# Cgminer GPU: dead after using setx_gpu... etc



## bimmerS15 (Aug 26, 2021)

Just experimenting, trying to get stable setup.
Had it up and running --scrypt / AUS coin, cgminer 3.7.1
Tried adding... setx gpu_max_alloc_percent 100 
                    & setx GPU_USE_SYNC_OBJECTS 1
now all i get is hardware errors. even after removing these from the launch .bat file.
Any one have any ideas?
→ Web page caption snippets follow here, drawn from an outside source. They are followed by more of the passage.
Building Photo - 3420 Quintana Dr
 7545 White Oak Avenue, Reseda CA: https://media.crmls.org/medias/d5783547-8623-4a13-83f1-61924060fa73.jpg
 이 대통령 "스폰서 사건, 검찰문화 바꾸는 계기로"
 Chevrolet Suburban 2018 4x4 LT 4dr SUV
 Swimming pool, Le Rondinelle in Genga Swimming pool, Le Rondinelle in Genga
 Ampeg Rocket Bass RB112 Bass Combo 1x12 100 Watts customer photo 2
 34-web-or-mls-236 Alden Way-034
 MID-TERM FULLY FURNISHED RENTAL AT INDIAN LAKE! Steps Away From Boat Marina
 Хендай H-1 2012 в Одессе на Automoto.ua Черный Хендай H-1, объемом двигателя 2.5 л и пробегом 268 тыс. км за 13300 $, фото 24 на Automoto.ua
I'm stumped


----------



## eidairaman1 (Aug 26, 2021)

Reinstall your os


----------



## bimmerS15 (Aug 26, 2021)

eidairaman1 said:


> Reinstall your os


Thanks... i thought i might have to but was hoping not


----------



## R-T-B (Aug 26, 2021)

setx doesn't do anything permanent, it just sets a linux environment variable for that one shell.  Sounds like the card crapped out coincidentally.


----------



## eidairaman1 (Aug 27, 2021)

R-T-B said:


> setx doesn't do anything permanent, it just sets a linux environment variable for that one shell.  Sounds like the card crapped out coincidentally.


Abuse from mining...


----------



## Hardcore Games (Oct 6, 2021)

definitely seems like another video card for the scrap heap


----------